14.1 Brønsted-Lowry Acids and Bases - Chemistry 2e _ OpenStax

Identify acids, bases, and conjugate acid-base pairs according to Brønsted-Lowry definition.
Write equations for acid and base ionization reactions.
Use the ion-product constant for water to calculate hydronium and hydroxide ion concentrations.
Describe the acid-base behavior of amphiprotic substances.

1680: Robert Boyle observed traits of acids, such as:
- Ability to dissolve substances.
- Changing colors of natural dyes.
- Losing traits upon contact with alkalis (bases).
18th century: Recognition of acids by:
- Sour taste.
- Reaction with limestone to release CO₂.
- Formation of neutral substances with alkalis.
1815: Humphry Davy demonstrated that hydrogen is essential in acids.
Around the same time, Joseph Louis Gay-Lussac concluded:
- Acids neutralize bases; defined in terms of each other.
1884: Svante Arrhenius defined:
- Acids yield hydronium ions in water.
- Bases yield hydroxide ions in water.
1923: Brønsted and Lowry proposed:
- Acids as proton donors and bases as proton acceptors.

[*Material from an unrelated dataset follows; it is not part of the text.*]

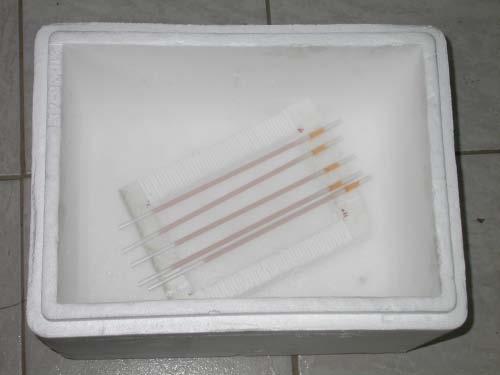 Cryopreservation of fish sperm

Acid-base reaction involves proton transfer from an acid (donor) to a base (acceptor).
Conjugate pairs:
- Acid donates H⁺, remaining species is the conjugate base.
- Base accepts H⁺, forming conjugate acid.
- Example: Water and ammonia reaction:
  - Water donates a proton, becoming OH⁻ (conjugate base).
  - Ammonia accepts a proton, forming NH₄⁺ (conjugate acid).
Reverse reaction:
- OH⁻ accepts a proton from NH₄⁺.

Acid Ionization: Reaction between a Brønsted-Lowry acid and water.
- Example: Hydrogen fluoride (HF) ionizes in water to form hydronium ions (H₃O⁺) and fluoride ions (F⁻).
Base Ionization: Occurs when a base accepts protons from water.
- Example: Pyridine (C₅H₅N) ionizes in water, yielding hydroxide (OH⁻) and pyridinium ions (C₅H₅NH⁺).

Water can act as both an acid and a base:
- Donating protons (acid) in reactions.
- Accepting protons (base) in other reactions.
Compounds that can donate or accept protons are termed amphiprotic (or amphoteric).